CARACAS: The capture of Venezuelan leader Nicolas Maduro has ignited a fierce online propaganda war, heavily fuelled by artificial intelligence.
Since his arrest in early January, social media has been flooded with AI-generated images and videos that blur the lines between fiction and reality.
The content ranges from comedic memes to dramatic scenes, including one of an animated Maduro declaring himself a “prisoner of war” in a New York courtroom.
Another popular clip shows an AI-generated Maduro attempting a prison escape, only to end up dancing with a cartoon Donald Trump.
Maduro and his wife Cilia Flores were captured during US strikes in Caracas on January 3.
They are now held in a New York prison on drug trafficking charges, an event celebrated by some but reframed by his Chavismo movement.
Researcher Leon Hernandez describes the phenomenon as the development of “disinformation labs” that overwhelm social media platforms.

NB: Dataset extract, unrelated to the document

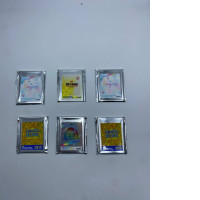 Set of souvenir photocards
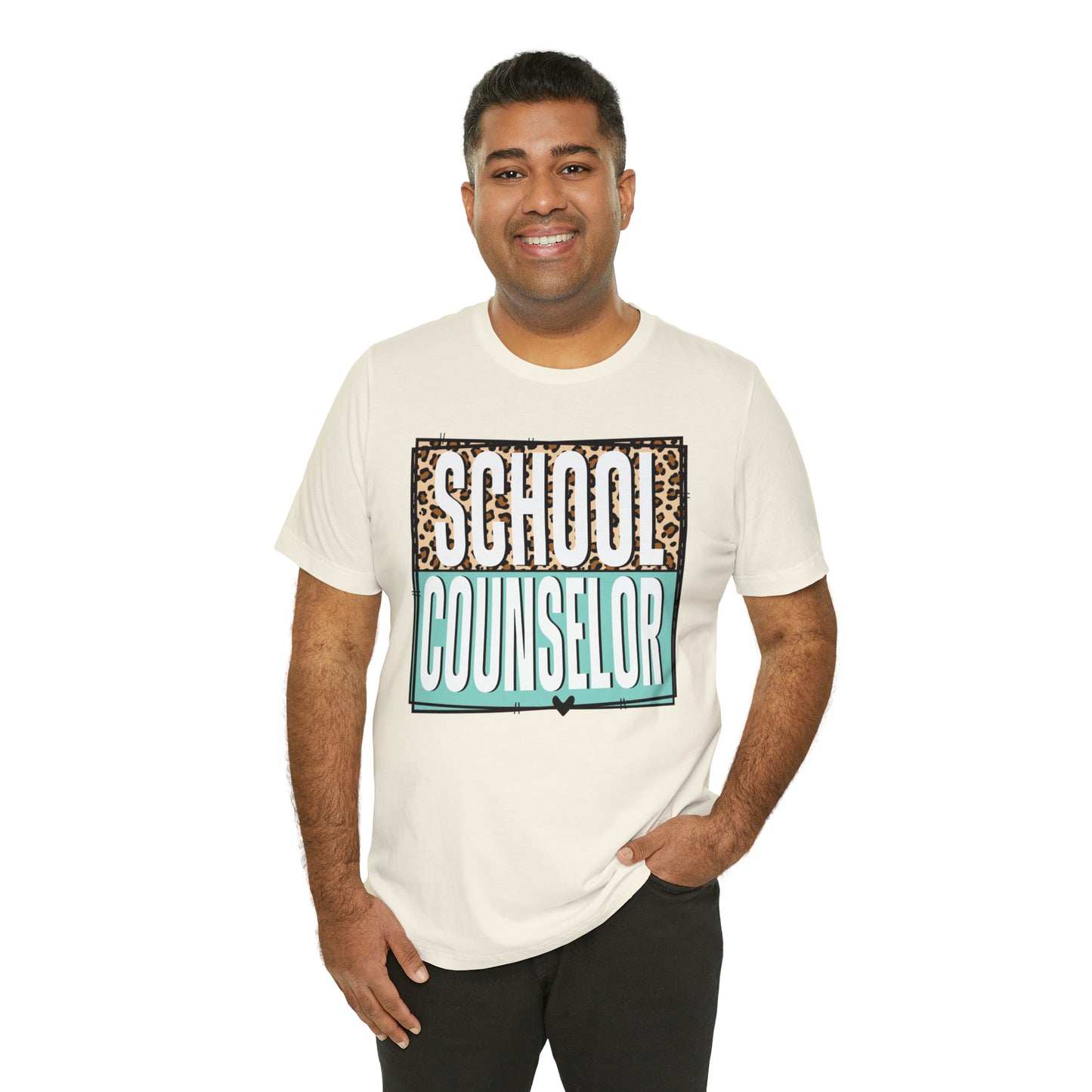 School Counselor Tee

“The idea was to create confusion and generate skepticism by distorting certain elements of real things,” Hernandez told AFP.
He added the goal is to flood audiences with content so they cannot follow the actual narrative.
Even state broadcaster VTV aired an AI-animated video narrated by a child recounting Maduro’s capture.
“AI has become the new instrument of power for autocrats to confuse, combat, and silence dissent,” said Professor Elena Block of the University of Queensland.
Block notes that cartoons have long been a propaganda tool for both authoritarian and democratic states.
Before his arrest, Maduro was depicted as the superhero “Super Bigote,” fighting monsters like the “North American empire.”
The cartoon’s popularity led to toys being carried by his supporters at rallies demanding his return.
Maduro continued a policy of “media domination” to stifle criticism of his Chavismo movement in traditional news outlets.
“With censorship and the weakening of news media, social media has emerged as one of the only spaces for information,” Block said.
She points out that Maduro is not alone, citing Donald Trump’s frequent use of AI-generated content with aggressive language.
“These digital and AI tools end up trivialising politics: you don’t explain it, you diminish it,” Block concluded. “AI today is the greatest threat to democracy.”